Float stored in 4 bits¶

Papers¶

4 bit floating point formats have emerged as a solution to the rising cost and deployment challenges of large language models. The S1E2M1 format has been part of the Open Compute Project (OCP) standard.

As a result, a new data type was introduced in onnx==1.18.0 to support a limited set of operators to enable computation with float4.

FLOAT4E2M1: 1 bit for the sign, 2 bits for the exponents, and 1 bit for the mantissa.

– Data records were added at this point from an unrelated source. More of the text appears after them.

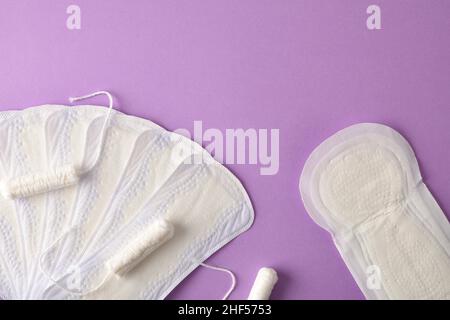 Weiblicher Menstruationsschutz Pack mit Tampons, Baumwollpads, Save Slip und weißer Blume auf fliedernem Hintergrund. Draufsicht. Stockfoto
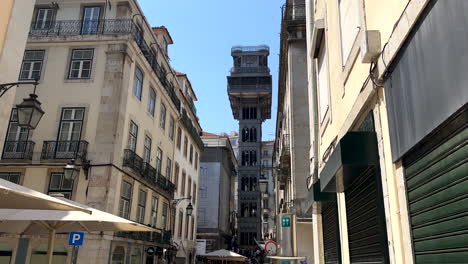 Tilt-up-of-tourist-visiting-famous-Santa-Justa-Lift-Elevator-in-Lisbon-during-sunny-day,-Portugal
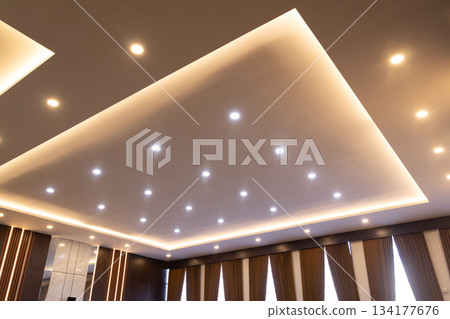 Modern ceiling design features recessed spot lights and warm LED cove lighting. Modern ceiling design features recessed spot lights and warm LED cove lighting. 134177676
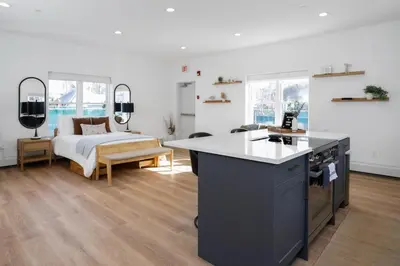 a room with a bed and a kitchen with a counter at Chic Studio Close to Harbor Point in Stamford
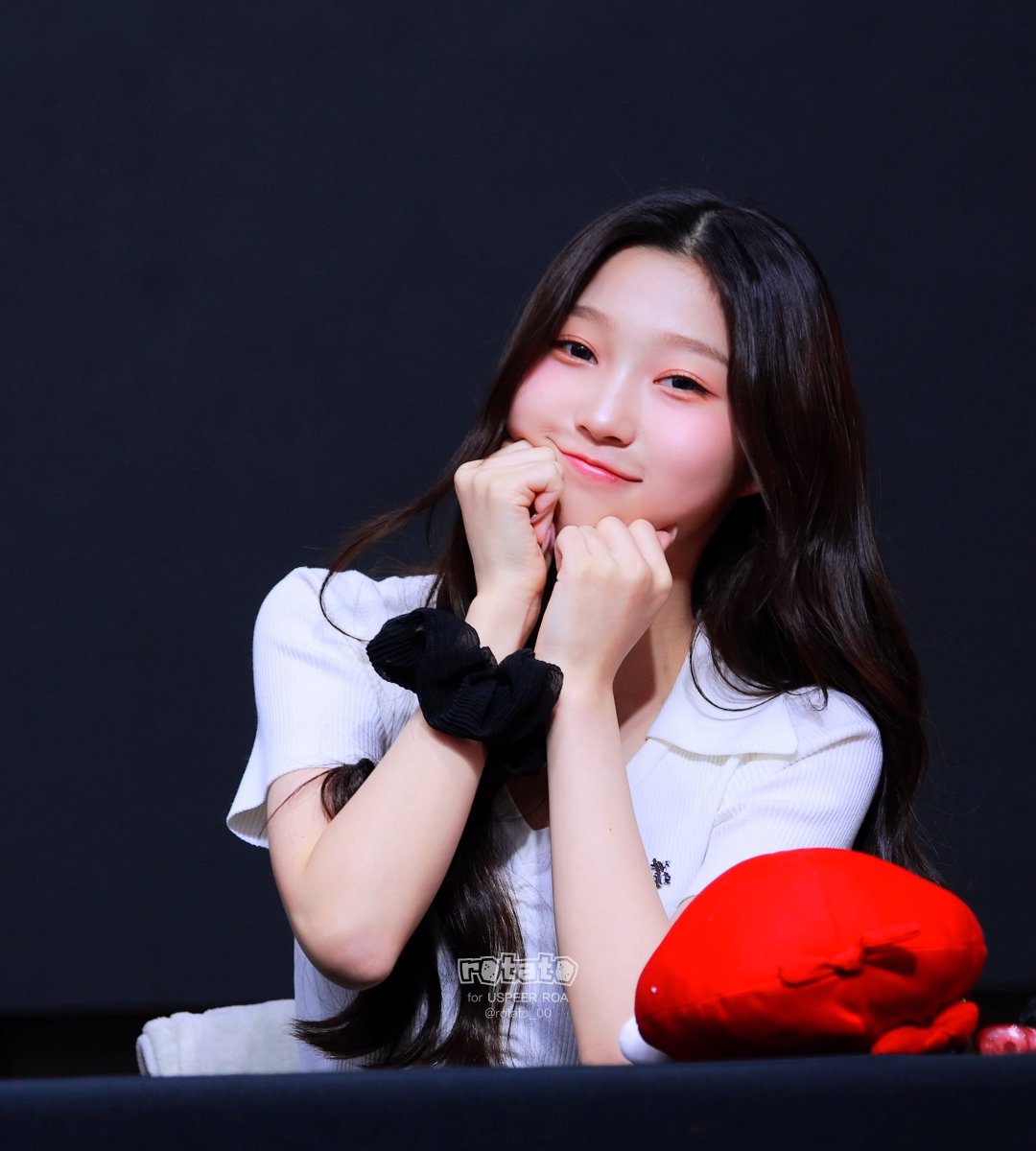 A smiling young woman with long dark hair in a white top poses with her hands near her face, wearing a black scrunchie, with a red plush toy visible beside her.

No nan or infinities.

E2M1¶

\(S\) stands for the sign. \(10_2\) describe a number base 2.

Float4 type¶
	E2M1
Exponent bias	1
Infinities
NaN
Zeros	\(S.00.0_2\)
Max	\(S.11.1_2\)
Min	\(S.00.1_2 = 2^{-1}\)

Let’s denote the bit representation as \(S.b_2 b_1 b_0\). The float value is defined by the following expressions:

Float4 type values¶
	E2M1
exponent \(\neq\) 0	\((-1)^S 2^{\sum_{i=1}^2 b_i 2^{i-1} - 1} \left( 1 + b_0 2^{-1} \right)\)
exponent \(=\) 0	\((-1)^S b_0 2^{-1}\)

The following table lists all the representable values by float4 E2M1, ignoring the sign bit:

Float4 type values¶
bits (ignoring sign bit)	E2M1
000	0
001	0.5
010	1
011	1.5
100	2
101	3
110	4
111	6

Cast¶

Upcasting from float4 to float32, float16, bfloat16, and float8 is exact. The behavior for downcasting to float 4 is summarized below

x	E2M1
-6<=x<=6	E2M1 converted value of x. Round to nearest even.
x=+/-0	+/-0
x>6	6
x<-6	-6
+Inf	6
-Inf	-6
NaN	6

Packing and Unpacking¶

Float4 is stored as 2x4bit in a single byte. The first element is stored in the 4 LSB and the second element is stored in the 4 MSB, i.e. for elements x and y that are consecutive elements in the array:

pack(x,y): y << 4 | x & 0x0F
unpack(z): x = z & 0x0F, y = z >> 4

In case the total number of elements is odd, padding of 4 bits will be appended. The storage size of a 4 bit tensor of size N is ceil(N/2).